Superdimension Neptune VS Sega Hard Girls is a crossover project between SEGA and Idea Factory, utilising various pieces of SEGA IP’s, consoles and company history to blend into an intriguing tactical JRPG – Superdimension starts off on a bleak note; the world has been ravaged and torn, pillaged and burnt, until all that stands left is a structure known as “The Great Library”, an archive of the world’s history and lore, which has been in the process of restoring the “True History”, avoiding the end of the world…
You play as IF, innocent, yet bitchy, but with a caring and soft demeanour on the inside, who seeks her ‘next big adventure’, when she encounters a small individual known as Historie, the Library’s librarian; together, with another mysterious ally, Segami, the three work together to repair time, and to save their world from annihilation. Admittedly, this plot sounds an awful lot similar to that of Dragonball Xenoverse’s, what with various characters from all over the Neptune franchise being pulled in to different times to repair the “True History”…But regardless, what do I think of the game?
Well…Sega Hard Girls is a fun, addicting tactical JRPG, that is unfortunately held back by padded out writing, technical issues, and bland environments. Let me explain – The core gameplay of Sega Hard Girls revolves around exploring dungeons similar to a non-procedural Persona 4, with surprise attacks and being able to be ‘Caught off Guard’ being a thing, except with the core gameplay, you move your characters around to attack and perform actions according to their clock meter, a meter that increases with each activity – Say you’re stationary, but have to move to attack an enemy – That would increase the clock meter. Once the clock meter reaches “Over”, your turn is over. Simple, right?
This is where the addicting nature of the game sets in, as it becomes a lot more engaging than traditional JRPGs, and acts in the same way as how Persona 3 and 4 sunk their hook into me many moons prior…However, it isn’t without it’s flaws – For instance, the registering of Surprise Attacks and being ‘Caught off Guard’ seems buggy at best, as I’ve had many times where I’ve clearly attacked an enemy, whilst stationary and from behind, yet it says that ‘I’ got caught off guard..?! To me, this was more annoying than a hinderance, since it let enemies just absolutely wail on me over, and over again with no chance of me easily recovering.

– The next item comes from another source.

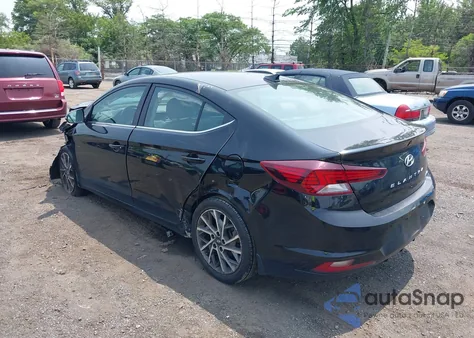 2020 Hyundai Elantra Sel/Value/Limited from USA, damaged, VIN KMHD84LF8LU071358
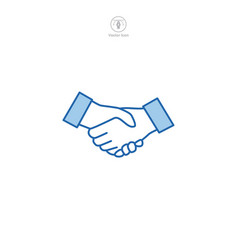 Handshake Icon Symbol Isolated On White Background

Another thing to note is that the game isn’t very well optimised for PS Vita systems – The game, natively, runs at around 20fps, with it dipping to around 10 or even 5fps when running past multiple enemies in dense environments (Note these figures aren’t 100% accurate, as I had no way of measuring, but there is some extremely noticeable lag during any part of gameplay)…This, combined with the overly sensitive movement and slow camera controls made me have to repeat sections where it required timed jumping, navigating and even just in general whenever I moved around.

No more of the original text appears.